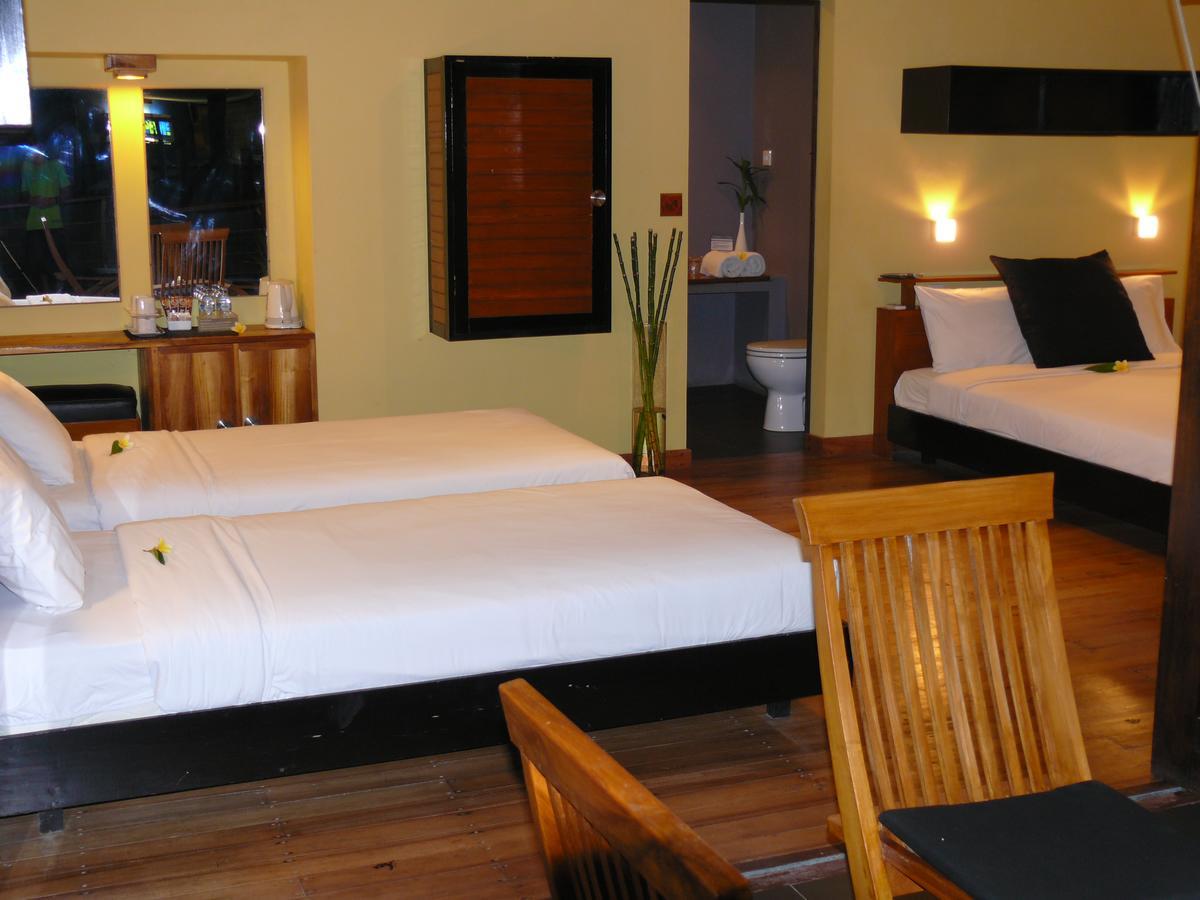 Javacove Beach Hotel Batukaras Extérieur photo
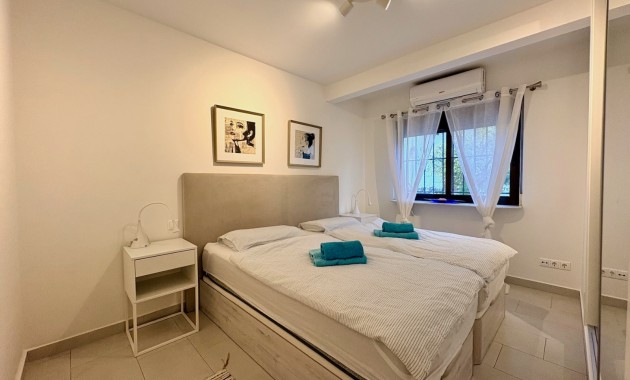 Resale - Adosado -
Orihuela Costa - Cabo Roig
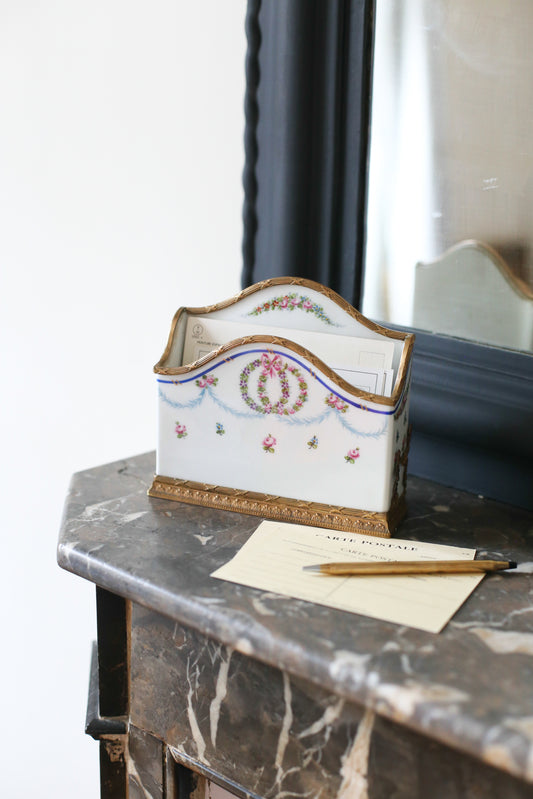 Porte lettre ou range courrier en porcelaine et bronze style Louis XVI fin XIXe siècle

_TO DO_: Copy exactly, please, the lines that run from the line holding "Orihuela Costa - Cabo Roig" through the closing line of the material above, omitting every picture.

_YOUR SOLUTION_:
Orihuela Costa - Cabo Roig
 Porte lettre ou range courrier en porcelaine et bronze style Louis XVI fin XIXe siècle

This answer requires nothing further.